While we may know we should check our breasts for lumps regularly, it is sometimes easy to let the time pass by and forget this simple task. For many, it is easy to think “it won’t happen to me”.

But breast cancer can affect anyone – men and women, young and old.

Comedy star Julia Louis-Dreyfus became the most recent celebrity to reveal that she had been diagnosed with cancer. “1 in 8 women get breast cancer. Today, I’m the one,” she wrote in a post on Twitter.

There’s been an outpouring of support for the Emmy-winning Veep actress but she’s not the only one bravely sharing her story right now.

The Relate Trust and the Breast Health Foundation are sharing stories of South Africans whose lives were affected while using the hashtag #FaceOfBreastCancer.

This campaign is in collaboration with retailer Woolworths.

The campaign is running on Facebook and Twitter, with survivor profiles and “fact or myth” questions around common misconceptions engaging users to share their own stories, images, and videos. 

Whether you were diagnosed yourself or went through the experience with a loved one, the aim is to highlight how many South Africans have been affected by breast cancer in a multitude of ways.

Handmade beaded Relate bracelets in support of Breast Health Foundation are available from selected Woolworths stores nationwide.

Are you a cancer survivor?
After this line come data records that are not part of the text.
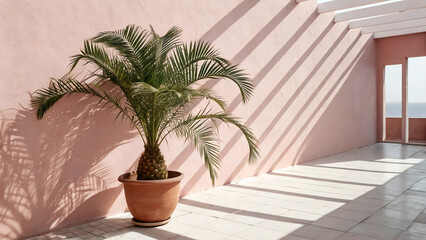 Fototapeta premium Tropical Palm in Modern Pink Terrace Setting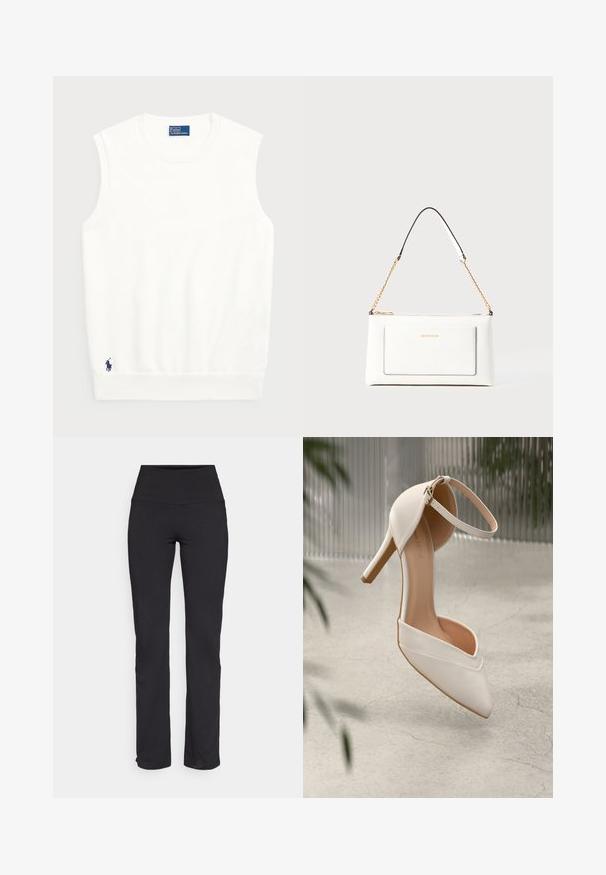 Valge ilma varrukateta kootud sviiter, mis on valmistatud siledast puuvillast, ribitud äärtega ja väikese tumesinise logoga alumises vasakus nurgas. Lihtne disain, ilma mustriteta.; Mustad kõrge vöökohaga mustad legginsid, valmistatud elastsetest kangast, sujuva tekstuuriga ja otsekardinate säärenäidikutega. Ilma nähtavate mustrite või aktsendita.; Valged kõrged kontsad siledast materjalist, terava ninaga ja pahkluu rihmaga. Omab heledat pruunikat sisetalu ja kuldset riistvara aktsenti.; Valge nahast kott tekstureeritud viimistlusega, millel on kuldne kettling ja mustad aktsendid. Include eesmine tasku ja tõmblukk.
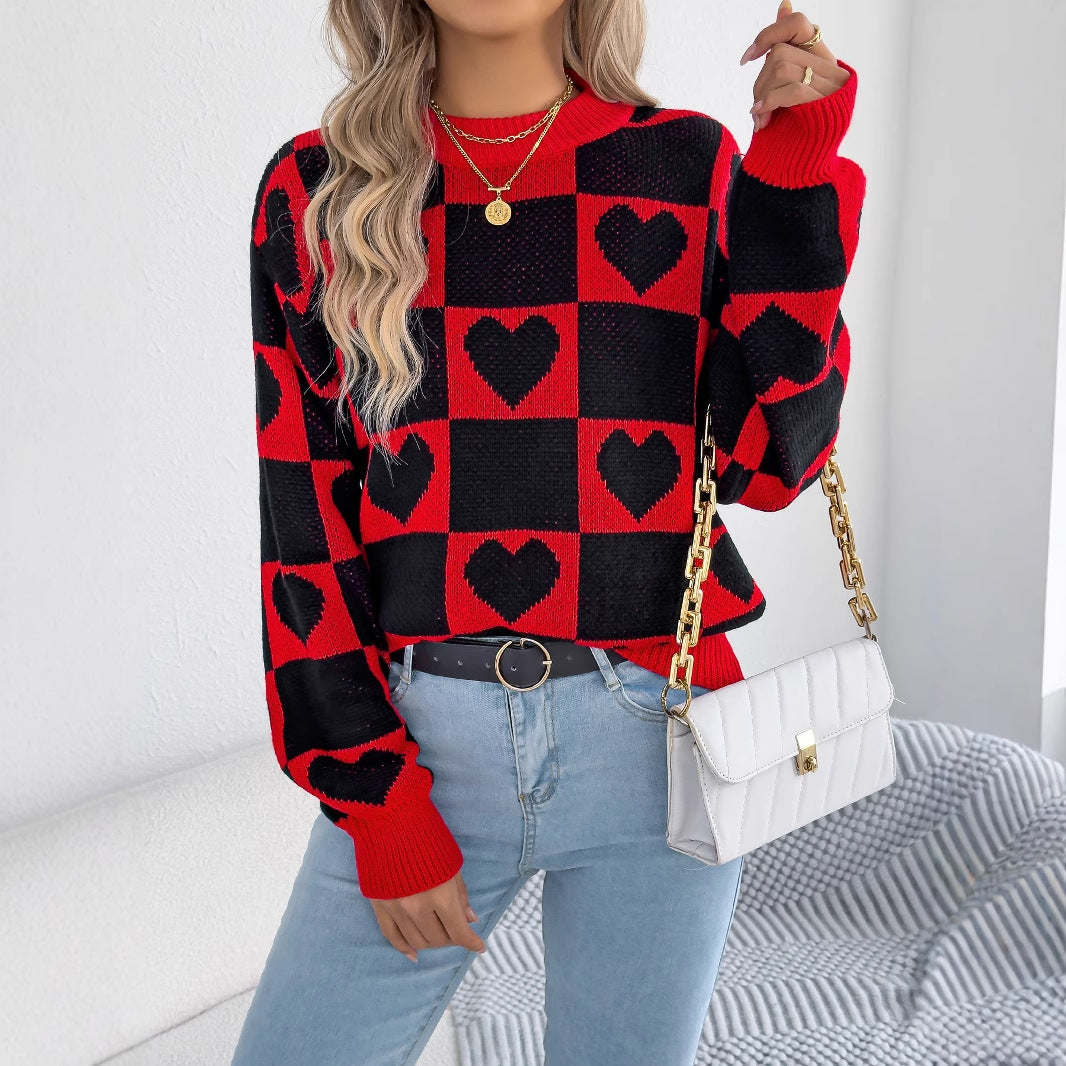 Women's Check Love Lantern Sleeve Pullover Valentine's Sweater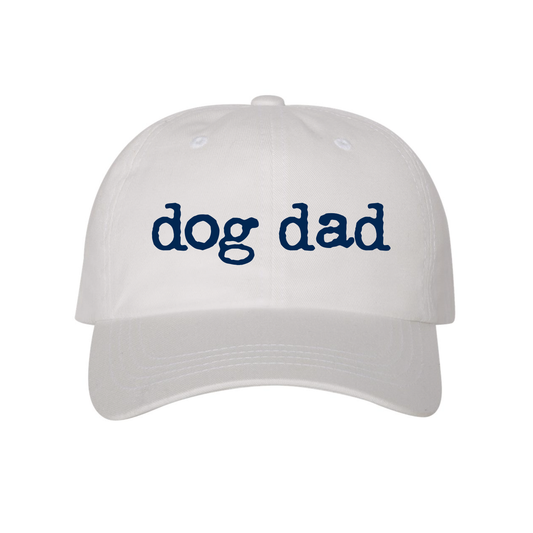 Dog Dad White- Embroidered Buckle Closer Dad Hat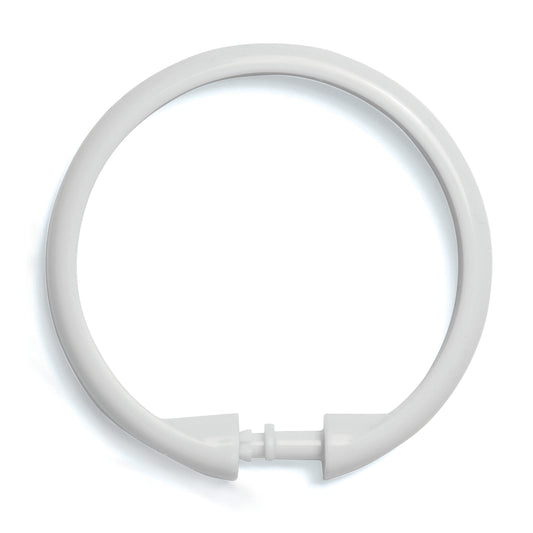 Kenney KN61217 Rust-Proof Smooth Plastic Shower Curtain Rings for Shower Curtain and Standard Shower Curtain Rod, Bathroom Use, Easy to Snap Closure,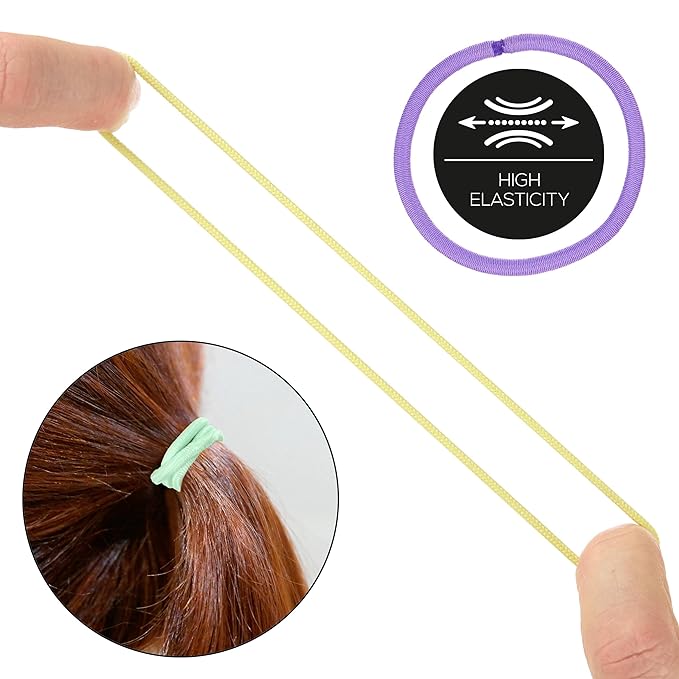 Expressions 216-Piece Hair Ties, 4mm Pastel Colors Value Pack, Durable Ponytail Holders For Thick Hair, Curly Hair and All Hair Types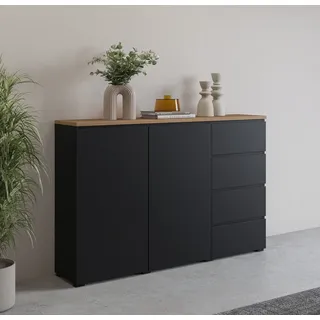 OTTO home Highboard Modo 150 x 100 x 34,5 cm Schwarz / Eiche Mauvella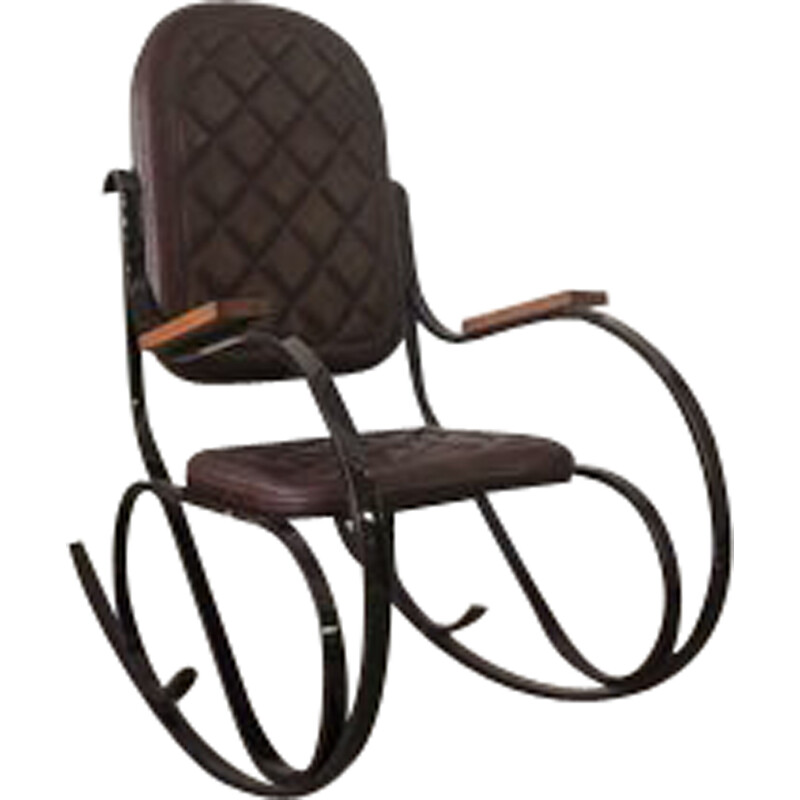 Fauteuil à bascule vintage en fer laqué et bois de teck, Italie 1950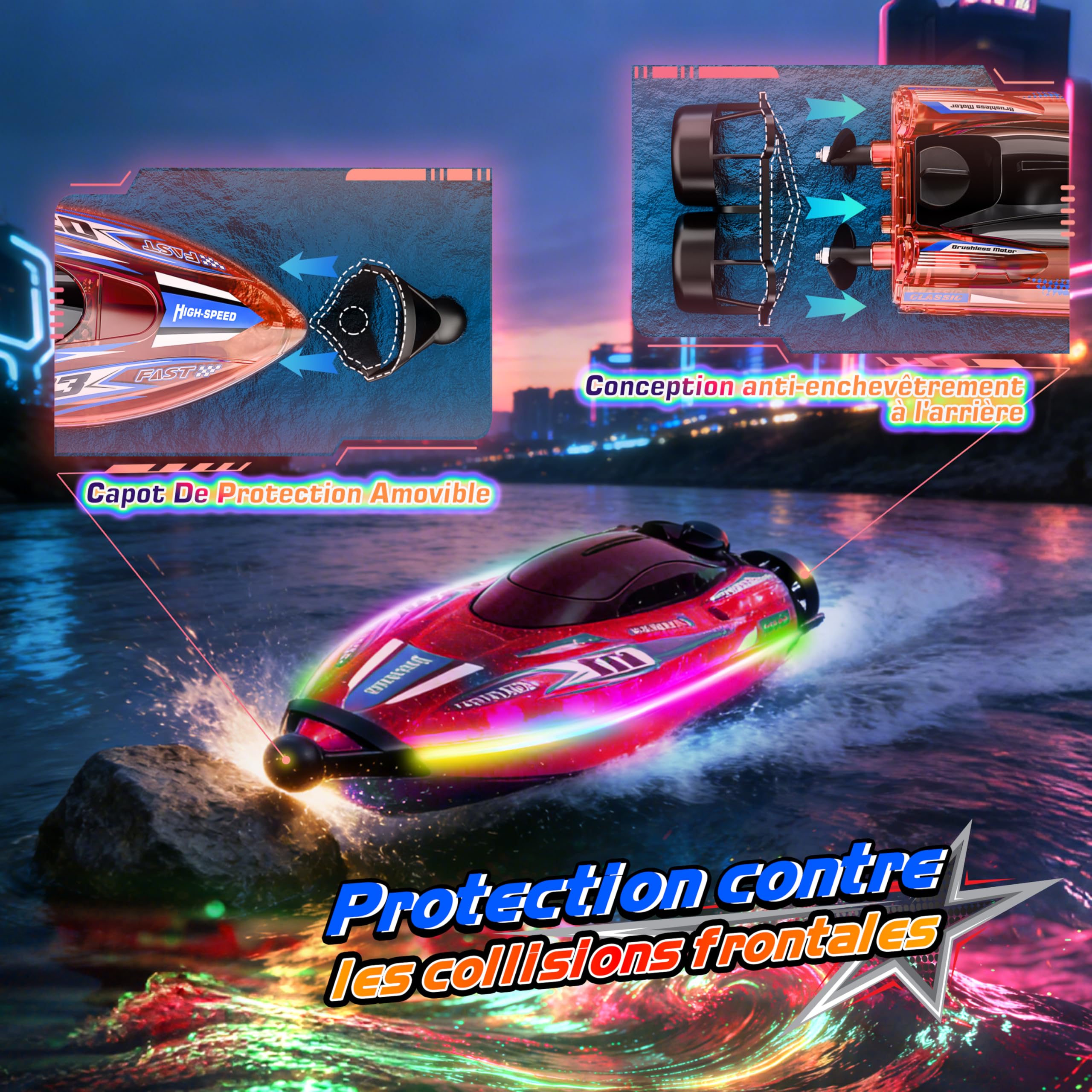 FORMIZON Bateau Télécommandé 25 km/h, Bateau RC avec Lumière LED pour Piscine et Lacs, 2,4GHZ Speedboat de Course RC avec Anti-Enchevêtrement à l’Arrière, Boat Jouet Piscine pour Enfants (Rouge)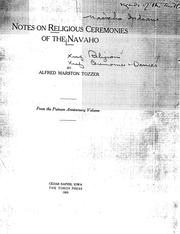 Cover of: Notes on religious ceremonies of the Navaho by Alfred M. Tozzer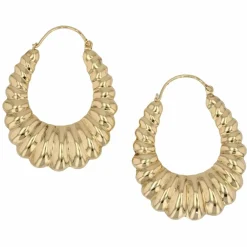 Grandes boucles d'oreilles créoles en or jaune godronné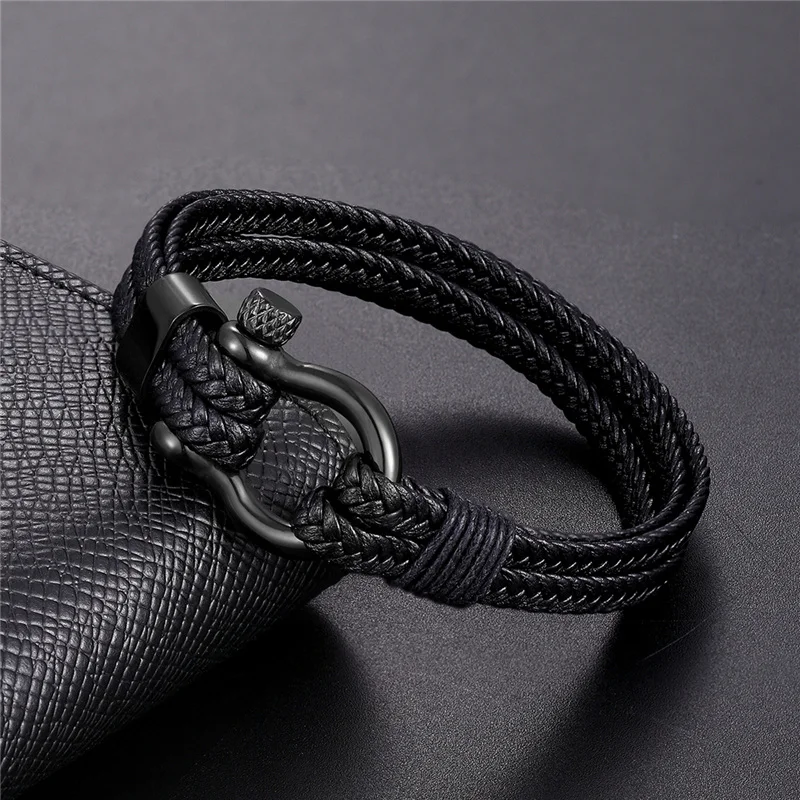 2023 New Fashion Stainless Steel Bracelet Men Punk Genuine Leather Bracelets & Bangles Charm Jewelry Wholesale Pulseira Homens
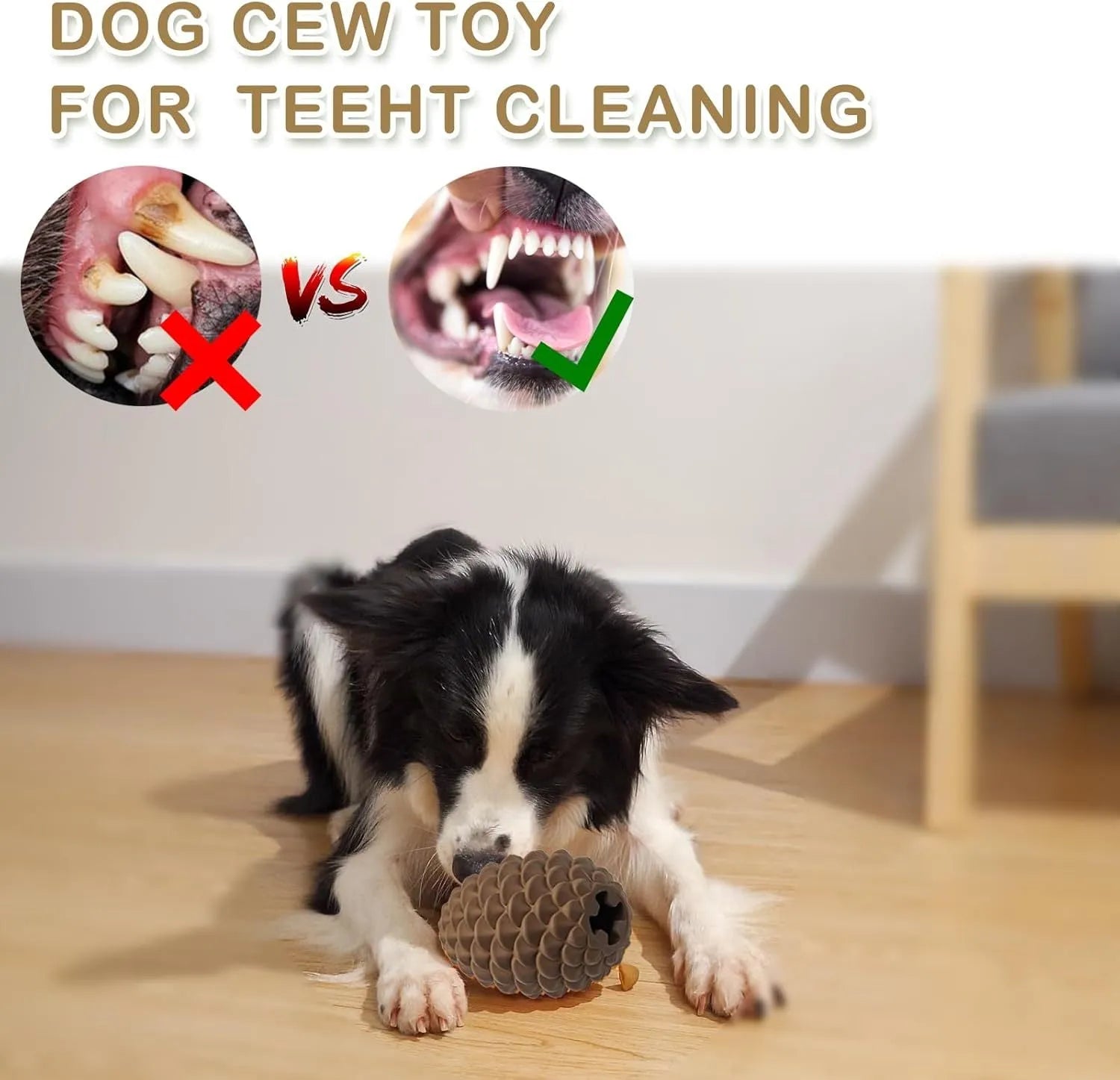 Yellow pine cone-shaped natural rubber dog chew toy with textured surface.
Did you witness a loved one dealing with the disease? Have you ever had a scare yourself that made you more aware? What makes you the #FaceOfBreastCancer?

Share your stories with the hashtags #FaceofBreastCancer, #RelateBracelets, and #BreastHealthFoundation.

The Breast Health Foundation was established in 2002 with the primary focus of education on breast cancer and breast health – to increase awareness, and empower South Africans. Volunteers and staff, all of whom are breast cancer survivors themselves, provide first-hand knowledge and expertise to promote education and treatment for breast cancer and provide emotional and informative support to all affected by the disease.

“In a limited-resources environment in the public health sector, we provide an additional educational platform to empower women and provide further support for those suffering from breast cancer. We know the challenges and side effects of treatment as we have been through it ourselves. We also support and educate their families,” says COO of the Breast Health Foundation Louise Turner.

She adds that education is vital, and the financial support they receive from bracelets sold is necessary for them to keep doing the work they do.